At last the Meteo has changed its mind about the forecast and given us five days of dry to come. Why we should believe this any more than the previous expectations of doom which they've discarded I'm not sure. They could easily have changed their opinion again by tomorrow, but regardless, hay must be made and the current conditions, dry, breezy and not overly warm are just about as good as one can get, excluding the dead dry temperatures of a summer heatwave.

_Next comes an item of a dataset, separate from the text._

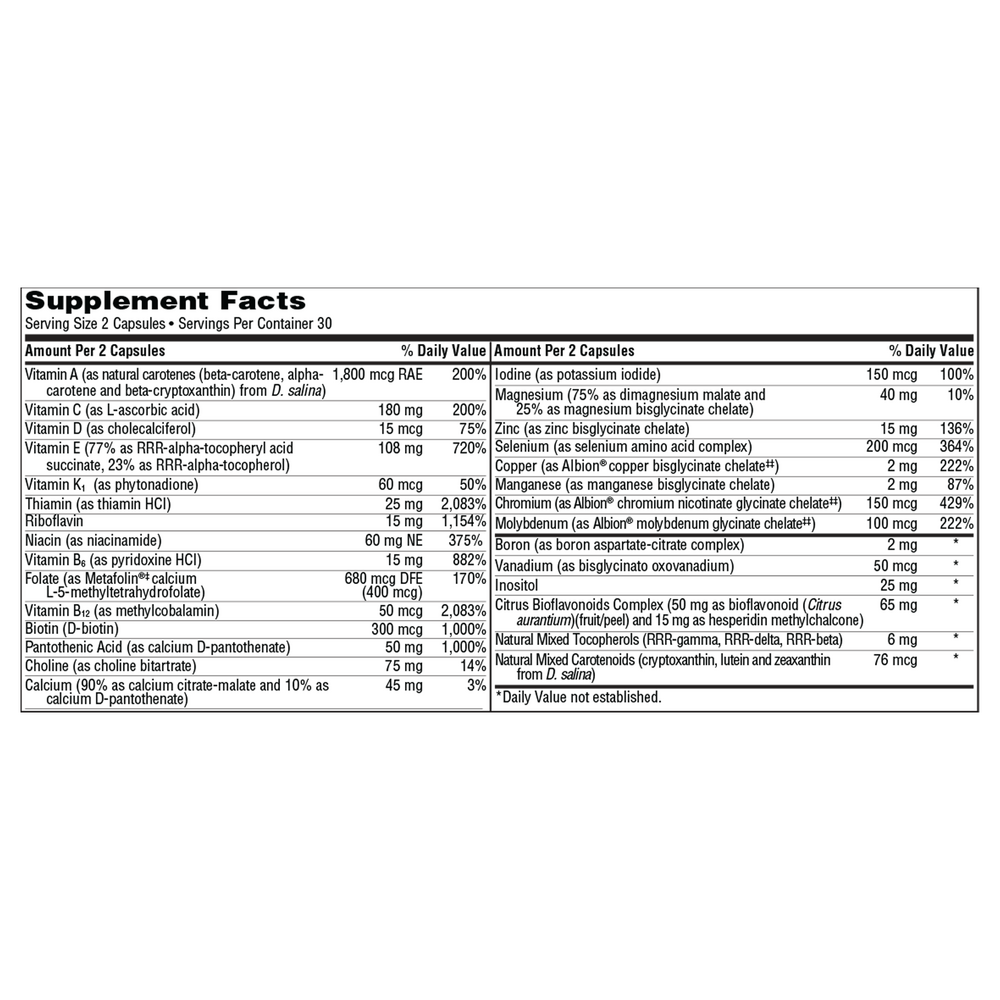 Klaire Labs/SFI Health VitaPrime Iron-Free Capsules - Image 3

I had some good fortune yesterday, from the serendipity of bounteous nature and the rather untidy and slapdash gardener that I am. As I was weeding between the shallots I found a tiny shoot of oca, obviously a volunteer from the row that was in that position last year, which had survived the winter wet, the cultivation with a rotavator and managed to avoid my hoe on the couple of times I'd waved it around the general area in the last month. I decided to leave it where it was as the shallots don't root deeply and will be dried and out of the way in a couple of months leaving plenty of room for the oca to mature and hopefully produce tubers by the autumn.

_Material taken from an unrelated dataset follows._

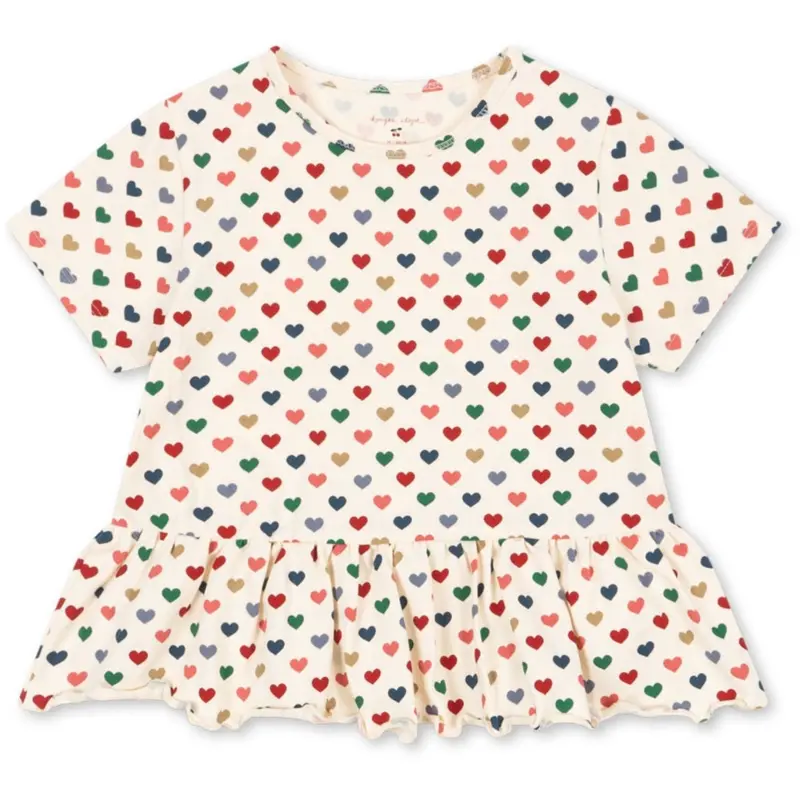 Konges Sløjd Coeur Coloré Basic Frill Tee Gots 1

Heartened by that I searched along the rows and found another tiny shoot. That pleased me so much that I went and searched through the long grass and weeds where the oca had grown two years ago and to my exceedingly great joy found a number of shoots. These had to be moved, the grass and weeds were swamping them and the patch, which has got completely out of control, is destined for severe treatment and a covering of plastic to kill the existing growth before it is put back into cultivation.
I carefully dug down and managed to extract two plants, stem and tubers, several tubers which I hope will now sprout again and some shoots, mostly with roots that should be able to support themselves. In all, enough for six more plants. All of these tubers appear to be of the crimson sort, the sort I had decided was less hardy than the pink. They seem to be robust enough! I'm hoping the two plants on the onion patch will be the pink sort but whatever, I am so pleased!
The flower on a Shetland Black potato, really pretty and a rather attractive subtle perfume.